The Reality behind the Hype
I am sorry, my Palestinian brothers and sisters, but Israel has the right, like every other country in the world, to protect its borders. Every time they were open, weapons and enemies poured in, just as Iraq’s enemies poured in before its borders were secured after Saddam’s fall.
Israel had every right to inspect the flotilla’s cargo before letting it into Gaza. What government would do otherwise? What guarantee did Jerusalem have that the ships did not carry long-range missiles from Iran like the ones sold to Hezbollah, even warheads with biological weapons?
And even if Israel could trust Hamas, which it cannot, there are now tens of thousands of al-Qaeda-like Salafi terrorists in Gaza who see Hamas as too wishy-washy and tame and who would not hesitate to detonate a nuclear device, even if it meant their own destruction along with Israel.
No, Israel cannot open its borders or lift the blockade. If Israel removes the naval blockade, we will see what Israeli Prime Minister Benjamin Netanyahu called “an Iranian port on the Mediterranean,” and, given the close relationship between Hamas and Hezbollah, Iran, al-Qaeda and other terrorist groups, within five years a war would break out that would devastate Europe and the Middle East. Hundreds of thousands would die.
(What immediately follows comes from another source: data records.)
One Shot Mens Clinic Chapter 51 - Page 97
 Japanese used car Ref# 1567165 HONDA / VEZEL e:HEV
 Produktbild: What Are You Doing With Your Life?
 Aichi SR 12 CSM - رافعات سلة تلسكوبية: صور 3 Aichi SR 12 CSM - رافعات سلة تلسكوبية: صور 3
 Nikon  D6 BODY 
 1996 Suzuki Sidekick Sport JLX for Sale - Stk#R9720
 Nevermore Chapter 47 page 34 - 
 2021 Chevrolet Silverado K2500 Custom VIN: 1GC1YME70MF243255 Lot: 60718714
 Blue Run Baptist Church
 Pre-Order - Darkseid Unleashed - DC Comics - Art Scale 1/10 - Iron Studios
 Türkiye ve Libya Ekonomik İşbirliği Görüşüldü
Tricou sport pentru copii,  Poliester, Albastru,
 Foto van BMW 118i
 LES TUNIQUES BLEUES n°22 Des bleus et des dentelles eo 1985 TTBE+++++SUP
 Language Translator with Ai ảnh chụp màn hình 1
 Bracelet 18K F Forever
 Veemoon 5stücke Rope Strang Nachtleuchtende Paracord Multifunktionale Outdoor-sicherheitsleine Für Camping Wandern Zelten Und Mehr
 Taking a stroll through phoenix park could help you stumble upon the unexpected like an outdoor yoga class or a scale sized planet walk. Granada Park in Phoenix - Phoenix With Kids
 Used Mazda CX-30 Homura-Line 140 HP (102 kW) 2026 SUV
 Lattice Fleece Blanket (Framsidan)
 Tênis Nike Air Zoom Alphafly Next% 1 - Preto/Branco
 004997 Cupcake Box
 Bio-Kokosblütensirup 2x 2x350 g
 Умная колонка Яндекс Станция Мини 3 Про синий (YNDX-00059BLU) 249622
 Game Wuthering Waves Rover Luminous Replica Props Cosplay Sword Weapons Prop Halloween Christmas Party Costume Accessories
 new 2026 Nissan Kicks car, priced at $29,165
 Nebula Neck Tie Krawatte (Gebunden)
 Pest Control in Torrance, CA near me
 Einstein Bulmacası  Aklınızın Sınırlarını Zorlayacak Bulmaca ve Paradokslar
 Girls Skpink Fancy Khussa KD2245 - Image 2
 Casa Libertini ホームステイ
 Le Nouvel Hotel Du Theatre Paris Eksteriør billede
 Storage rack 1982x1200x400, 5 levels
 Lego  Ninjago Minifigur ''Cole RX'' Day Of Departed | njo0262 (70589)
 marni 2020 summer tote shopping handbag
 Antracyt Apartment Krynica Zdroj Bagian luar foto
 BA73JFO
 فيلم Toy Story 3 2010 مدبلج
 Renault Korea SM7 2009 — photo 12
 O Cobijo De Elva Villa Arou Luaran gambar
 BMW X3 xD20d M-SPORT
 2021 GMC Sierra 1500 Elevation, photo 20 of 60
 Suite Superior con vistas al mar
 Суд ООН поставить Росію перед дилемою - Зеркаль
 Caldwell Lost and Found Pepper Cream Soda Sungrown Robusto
But the deeper issues in Gaza go far beyond humanitarian needs, military strength and national security.
The members of Hamas can never be free as long as their minds and hearts are prisoners to Islamic ideology. And non-Muslim Palestinians can never be free as long as they define freedom in terms of borders and self-determination. At best, they would be prisoners in an independent state. Still driven by anger, hatred, and revenge. Still controlled by an angry, intolerant, vengeful god or believing in no god at all.
If they do nothing else, I pray that the Hamas leaders would at least have the courage, compassion and wisdom to set aside their ideology and begin to care about their brothers and sisters, instead manipulating and abusing them as a means to an end.
If they were no longer determined to destroy Israel, they would be able to apply their time, efforts and resources to providing the Palestinian people with food, medicine, and education, strengthening their society, rebuilding their infrastructure.
If they would talk with Israel and the international community while respecting former agreements, at some time in the future there might no longer be a need for naval blockades and closed borders.